Extracted material Block Start

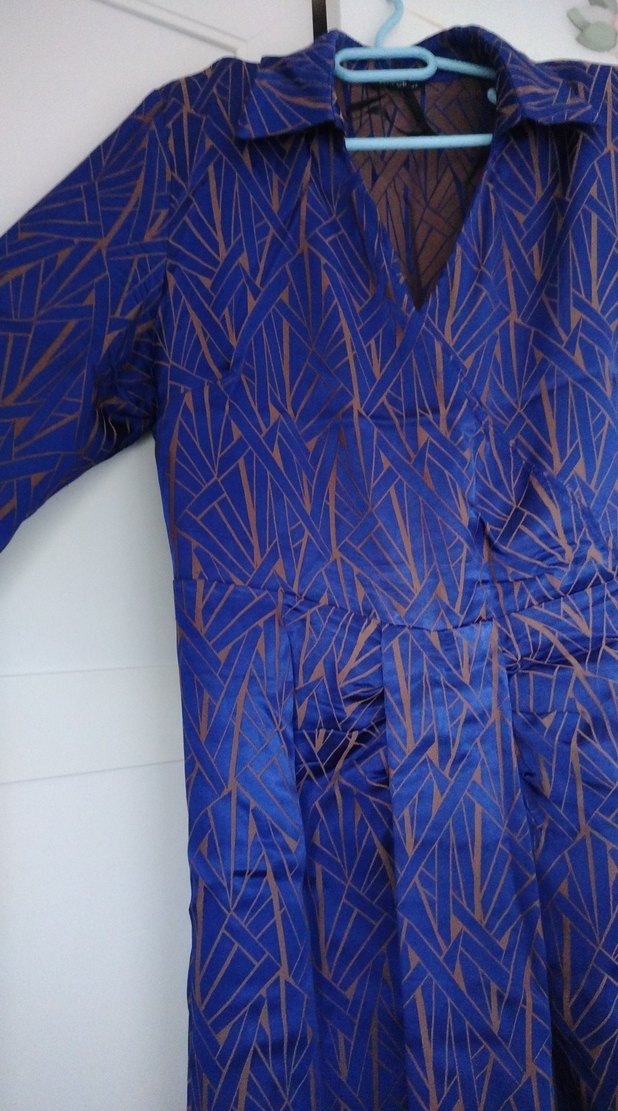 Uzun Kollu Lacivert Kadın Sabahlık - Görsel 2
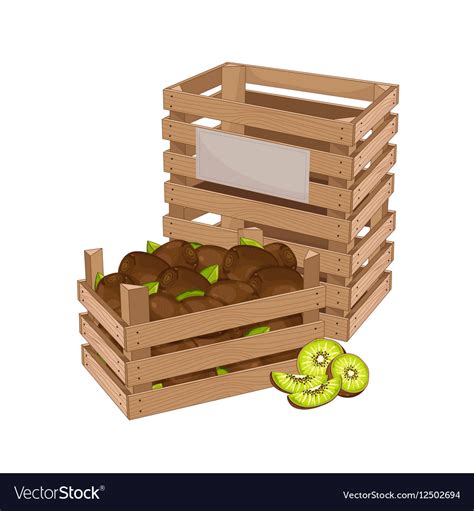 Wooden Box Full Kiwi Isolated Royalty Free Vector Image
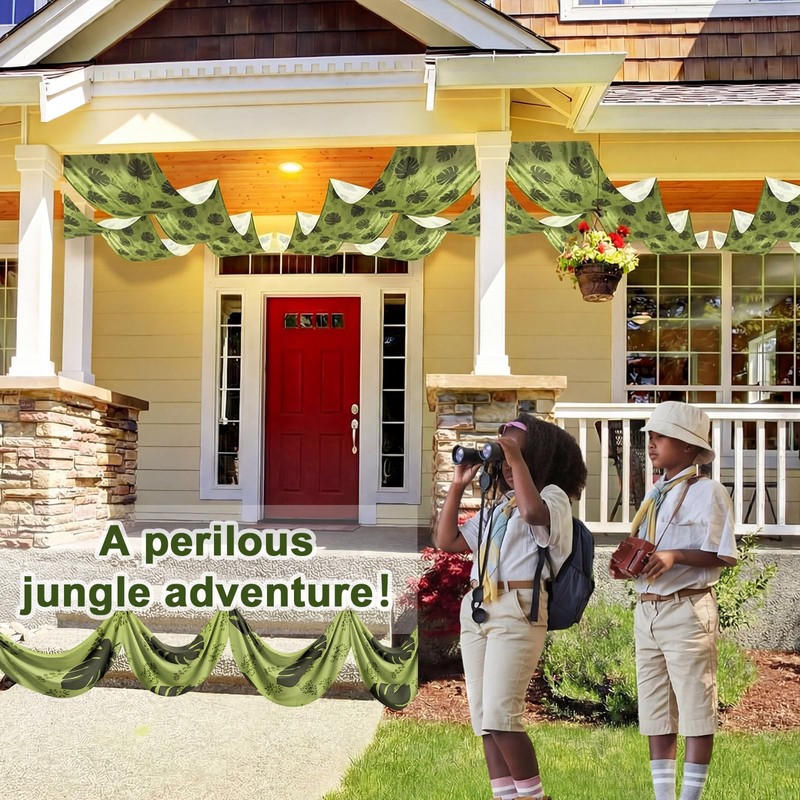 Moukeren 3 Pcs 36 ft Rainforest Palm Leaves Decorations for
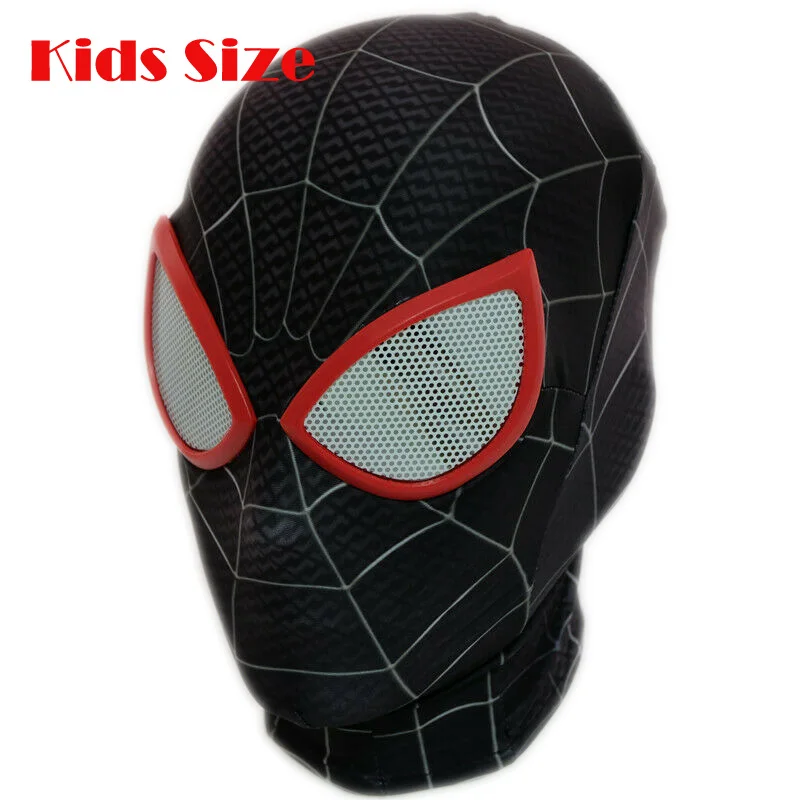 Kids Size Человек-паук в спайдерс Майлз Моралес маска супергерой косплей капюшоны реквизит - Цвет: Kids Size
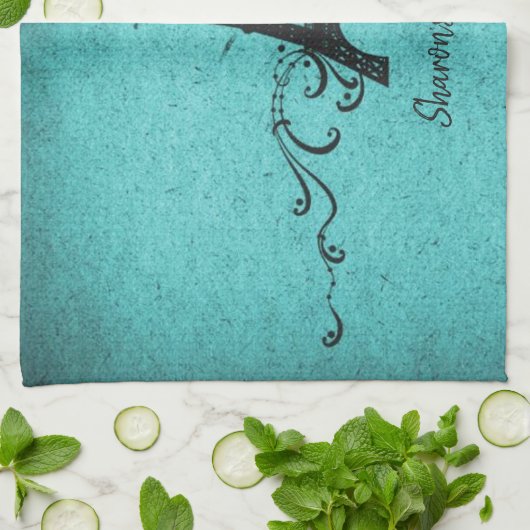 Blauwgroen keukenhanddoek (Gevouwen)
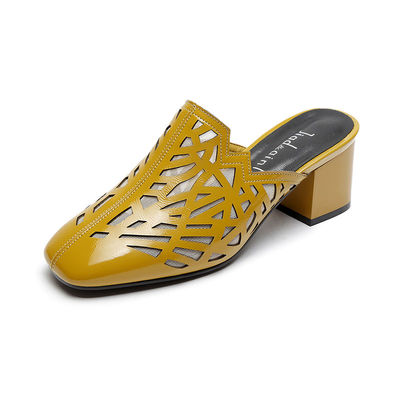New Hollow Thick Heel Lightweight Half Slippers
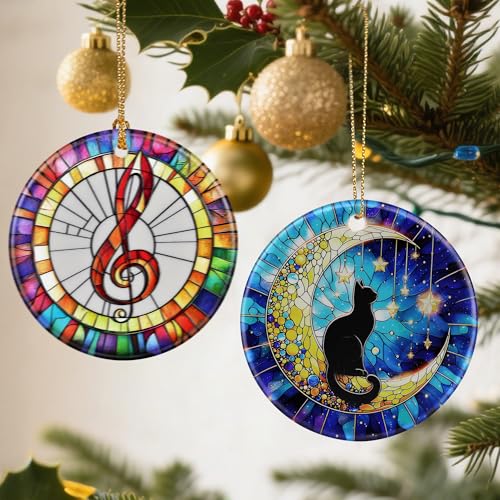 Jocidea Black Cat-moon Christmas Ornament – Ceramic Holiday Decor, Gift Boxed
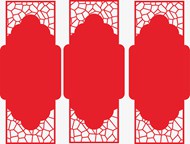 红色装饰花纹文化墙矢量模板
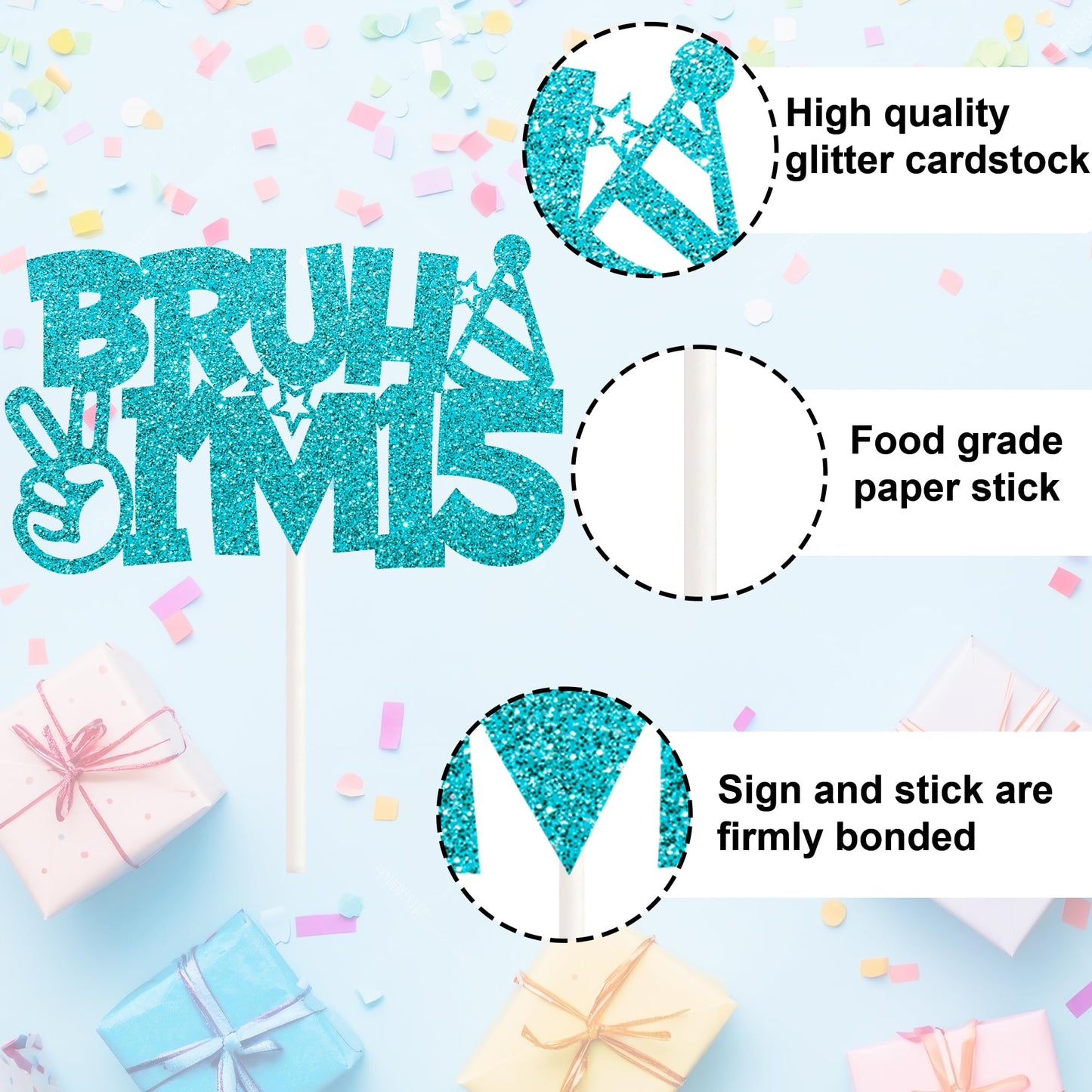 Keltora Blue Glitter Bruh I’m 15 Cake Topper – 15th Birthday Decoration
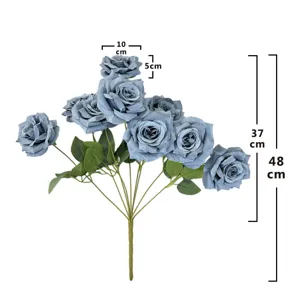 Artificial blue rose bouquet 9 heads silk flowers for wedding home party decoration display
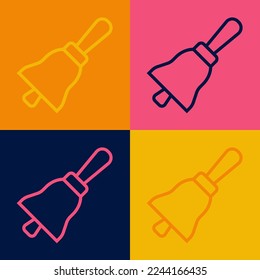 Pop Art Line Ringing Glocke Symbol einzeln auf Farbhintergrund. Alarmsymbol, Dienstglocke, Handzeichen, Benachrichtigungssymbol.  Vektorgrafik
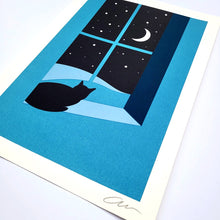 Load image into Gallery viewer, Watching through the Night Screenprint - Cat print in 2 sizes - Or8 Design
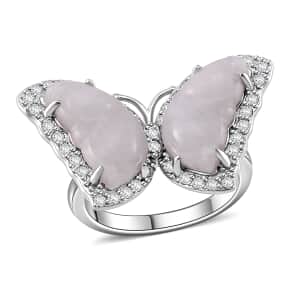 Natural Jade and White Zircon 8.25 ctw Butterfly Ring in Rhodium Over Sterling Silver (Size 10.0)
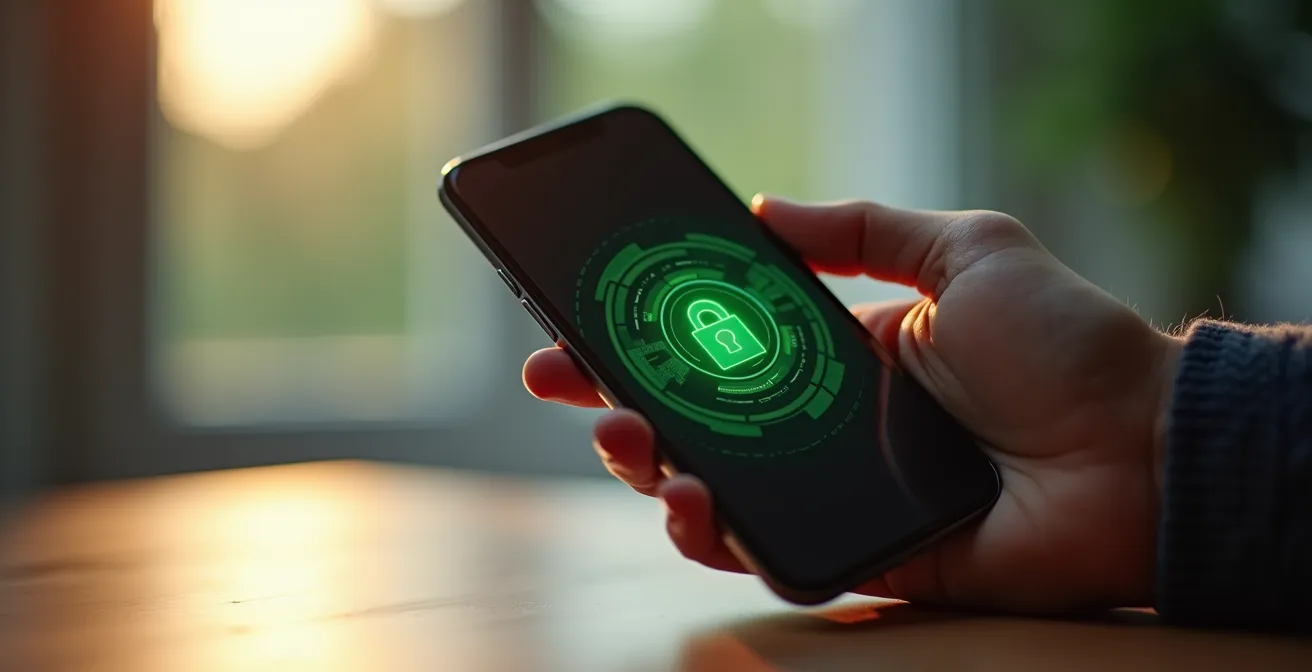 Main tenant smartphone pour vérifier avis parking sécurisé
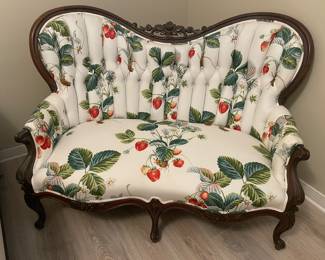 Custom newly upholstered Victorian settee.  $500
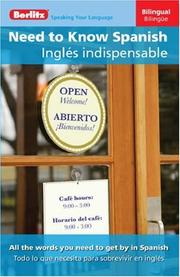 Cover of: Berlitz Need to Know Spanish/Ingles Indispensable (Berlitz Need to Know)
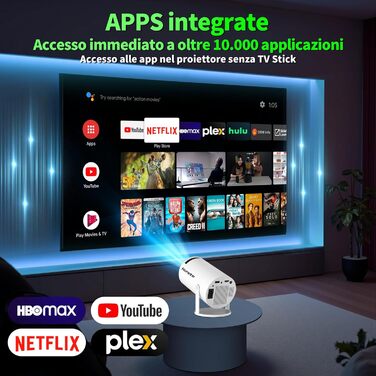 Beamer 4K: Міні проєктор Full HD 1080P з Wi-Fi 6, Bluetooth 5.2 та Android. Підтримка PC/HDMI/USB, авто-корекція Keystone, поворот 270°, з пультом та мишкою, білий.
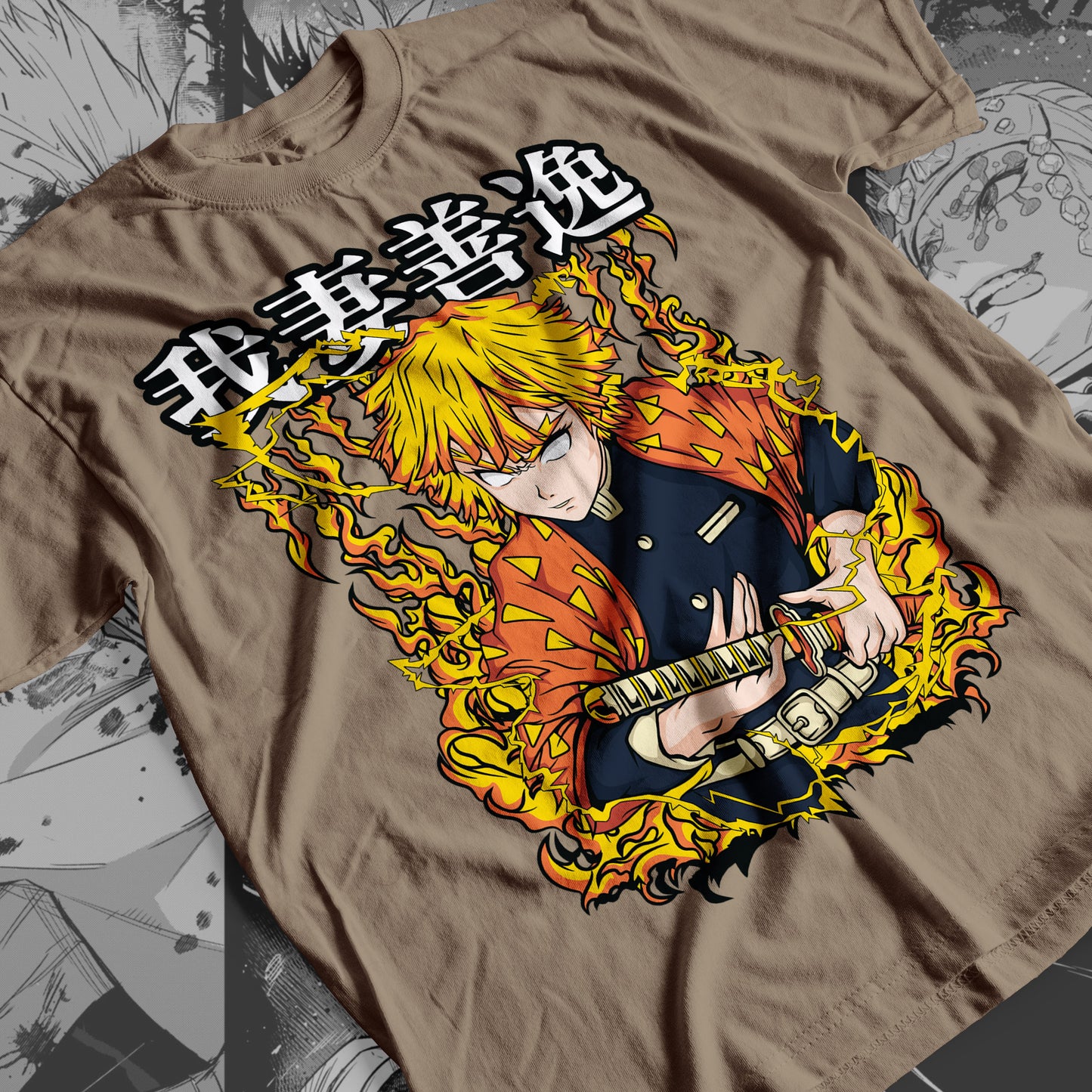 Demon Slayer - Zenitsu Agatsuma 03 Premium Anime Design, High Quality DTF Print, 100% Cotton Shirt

Extracted material Block End

> Exercise description
Reproduce, exactly and only, the lines of the records above starting at the line with "Artificial blue rose" and ending at the line with "Pop Art Line", both included. Leave every picture out.

> Output for this exercise
 Artificial blue rose bouquet 9 heads silk flowers for wedding home party decoration display
 Pop Art Line Ringing Glocke Symbol einzeln auf Farbhintergrund. Alarmsymbol, Dienstglocke, Handzeichen, Benachrichtigungssymbol.  Vektorgrafik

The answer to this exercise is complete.